The sides of his mouth pulled down. “Is it?”
“It must be.” Summer spread her paper napkin in her lap. “All these people eat here every night. They seem happy.”
The guy looked around. “The only people who eat on this side of the cafeteria are freshmen and the lactose-intolerant.”
Summer shook her head. None of this mattered. She was too sad to eat ice cream. “I know you know,” she said.
He was grinning at her. He had a very big head. And a very big smile. He looked like he hadn’t shaved in a month. “What do I know?”
“That I’m listening to that CD you gave me.
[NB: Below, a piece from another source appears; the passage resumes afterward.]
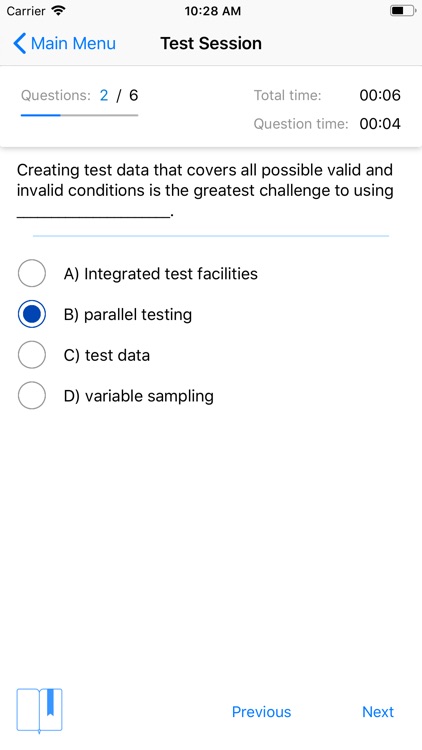 CISA: Inform. Systems Auditor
I like it, okay?”
He grinned down at his tray. He had two dinner plates wedged onto the tray, with two servings of roasted chicken. He’d covered it all with spinach and cottage cheese. He also had three bananas. “I did know that.” He looked up at her. “It’s pretty good shit, huh?”
“Yes,” Summer said, sounding irritated, “it’s very good. I listen to it all the time.” She leaned over her own tray (where there was a very normal cheeseburger with a normal serving of French fries). “How did you know? I mean—was that just a mix that you had left over from the last time you got dumped? Is that your go-to breakup mix?”
He looked offended. “No. I made it for you.”
“But you don’t even know me!” Summer practically shouted.
“You’re right!” he practically shouted back. (He was so loud.) “But I know a lot about what kind of music you like.”
Summer shuddered. Mostly for effect. “Are you listening to me listen to music?”
The guy looked at his food again and picked up a fork. “You’re not making me feel bad about that. I’m not some creep. All I’ve done is bear with your obsessive-compulsive bullshit for the last two years and tried not to complain about it.”